Emportez une lampe de poche ou utilisez la lampe de votre téléphone : l'éclairage à l'intérieur est assez faible, et les fresques au plafond nécessitent une bonne lumière pour être observées en détail. Un objectif grand angle ou le mode « grand angle » de votre smartphone vous aidera à embrasser tout l'espace intérieur.
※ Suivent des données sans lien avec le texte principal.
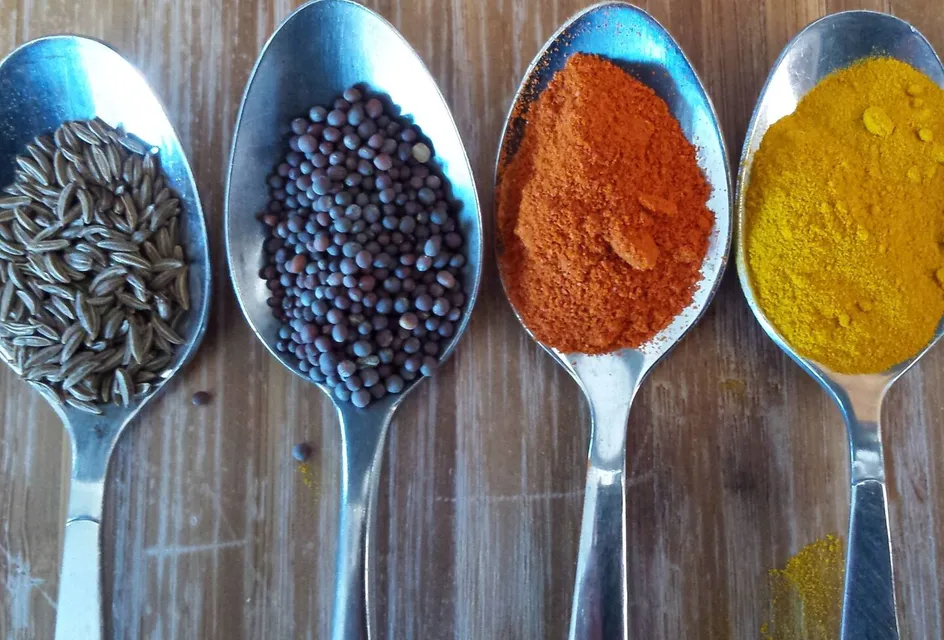 Four teaspoons of coloured condiments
À Tarse, il vaut la peine de visiter également les monuments voisins : l'église Saint-Paul (Aziz Pavlus Kilisesi) avec le puits de l'apôtre, la porte romaine de Cléopâtre et la cascade de Tarse Şelalesi, située dans l'enceinte de la ville. Tarse est la ville natale de l'apôtre Paul, c'est pourquoi toute la partie historique est imprégnée de références bibliques. Pour une découverte approfondie, il est préférable de prévoir une journée entière. La mosquée Vieille de Tarse est un monument rare où se mêlent, dans un même espace, une basilique gothique, une couronne arménienne et le culte islamique, ce qui en fait l'un des sites historiques les plus riches de toute la région méditerranéenne de la Turquie.